Orbital tractor beam technology might be a reality in the near future

Team Mighty
Jun 26, 2023 2:30 PM PDT
3 minute read
orbital tractor beam scientists

Goddard laser experts (from left to right) Barry Coyle, Paul Stysley, and Demetrios Poulios have won NASA funding to study advanced technologies for collecting extraterrestrial particle samples. (Photo Credit: NASA’s Goddard Space Flight Center, Debora McCallum)

SUMMARY

Researchers say they’re using attractive or electrostatic force. It’s similar to the Star Trek tractor beam, but not nearly as powerful.

There are tens of thousands of chunks of space debris floating around in low earth orbit right now, all of which are the size of a softball or even larger. Earth’s space junkyard is becoming a problem for the global economy and military forces, which is becoming increasingly dependent on its space stuff. Like so many researchers before them, Earth scientists are looking to science fiction to solve this latest future tech problem, and they think they’ve found it. This comes in the form of the “tractor beam,” a “Star Wars” and “Star Trek” (and probably many others) technology that uses focused energy to move things in space.

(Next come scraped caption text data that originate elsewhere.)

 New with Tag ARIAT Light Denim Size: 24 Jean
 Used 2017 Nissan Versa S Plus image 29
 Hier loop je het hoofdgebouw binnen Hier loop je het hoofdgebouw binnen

Iridium 33 was a satellite launched by the Russian Federation in 1997. It was part of a global communications network with bases in Virginia, Arizona, and Italy, allowing comms using handsets. The Iridium system is still in place, but Iridium 33 is no longer with us. In 2009, a defunct Russian military satellite slammed into Iridium 33 at least 17,000 miles per hour.

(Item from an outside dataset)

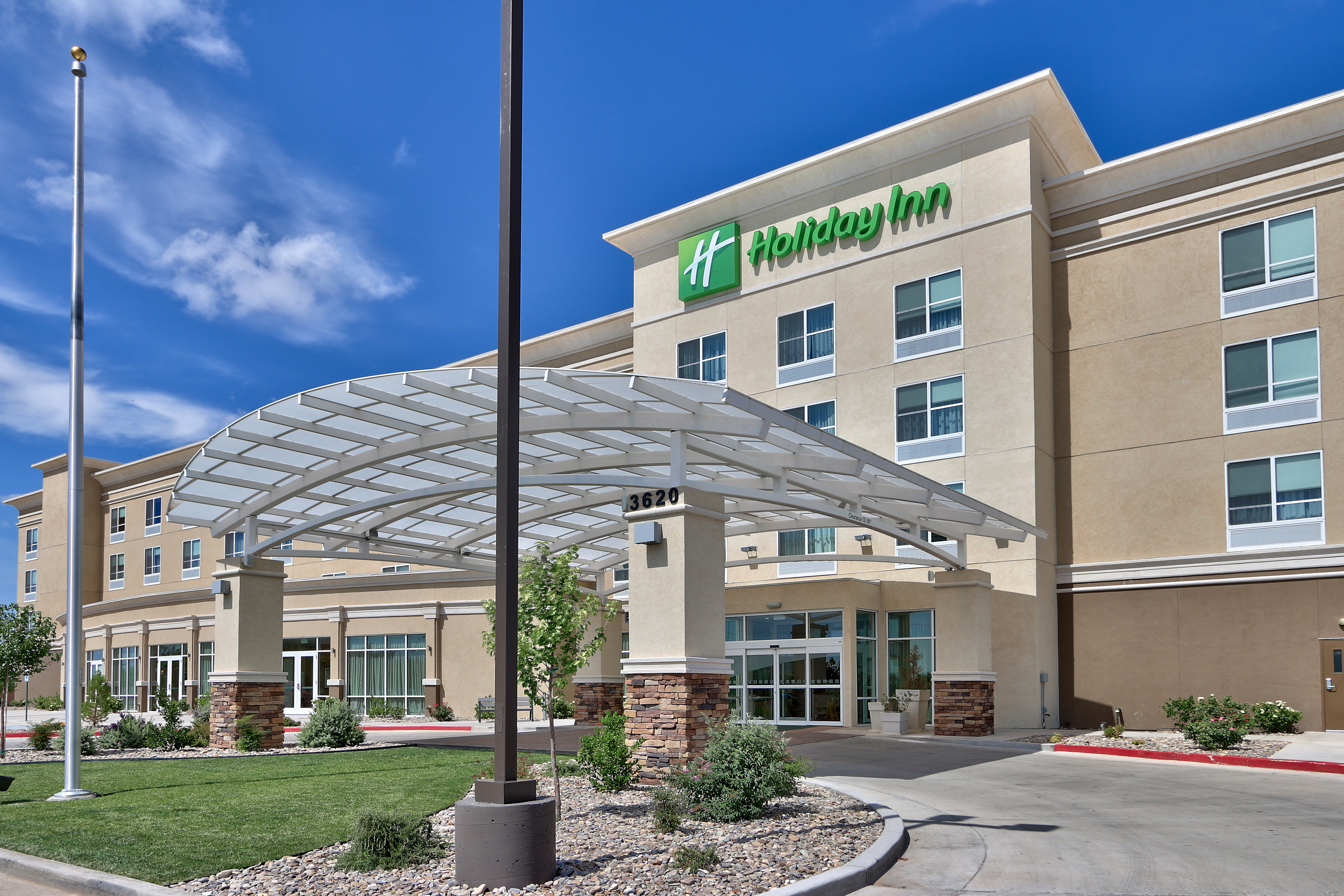 Holiday Inn Roswell 2/37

The collision sent thousands more pieces of space junk across low earth orbit. No other spacecraft has been damaged (yet) by the debris, but the crash was a wake-up call. As technology develops, more and more military and civilian satellites will be in danger of such collisions.

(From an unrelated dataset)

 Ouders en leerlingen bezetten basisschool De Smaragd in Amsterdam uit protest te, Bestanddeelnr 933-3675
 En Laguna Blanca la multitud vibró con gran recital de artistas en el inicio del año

Aerospace engineers at Colorado University are developing ways to remove space junk so they won't harm other satellites. They have begun looking into the feasibility of Star "Treknology" like tractor beams to do the job. Called “electron beams” (for now), the scientists envision a large dump truck-like craft that would collect space garbage like your weekly garbage pickups.

Goddard technologists are studying different "tractor beam" techniques for corralling particles and transporting them via laser light to instruments on rovers and orbiting spacecraft. Concept image courtesy Dr. Paul Stysley.

The researchers say they’re using attractive or electrostatic force, the same force that makes your clothes stick together in the dryer. It’s similar to Star Trek’s tractor beams, but not nearly as powerful.

From their campus in Colorado, professors and doctoral students have created a stainless steel canister that is actually a vacuum chamber made to replicate the space above the Earth. Called the Electrostatic Charging Laboratory for Interactions between Plasma and Spacecraft (ECLIPS), it reproduces the mix of free electrons, plasma, and thin gas of low earth orbit.

With ECLIPS, they can even recreate the actions of small shards of metal and how they interact in the environment that Earthlings depend on for much of their global communications systems, which is a geosynchronous orbit, considerably higher than low-earth orbit. That’s where much of the Earth’s most important technology hangs out these days.

Room in geosynchronous orbit is running out, like affordable housing in major cities. Scientists believe there are only around 180 safe spaces for companies to park satellites, many of which have already been claimed. But like an elderly person who died in their rent-controlled apartment, defunct satellites are taking up those spaces.

The Colorado scientists plan to use their electrostatic “tractor beam” to safely move them out of the way for new satellites to take up that prime real estate. The science is complex, but the idea is pretty basic. A spacecraft would approach a dead satellite, sap it with the electron beam, giving it a negative charge. The ship would then positively charge, attracting the space junk to itself.

Right now, it would take their “electrostatic tug” a few months to pull a large object 200 miles in space, but that’s better than nothing and far better than trying to move them physically, which could have enormous repercussions, such as creating a cascade of space collisions.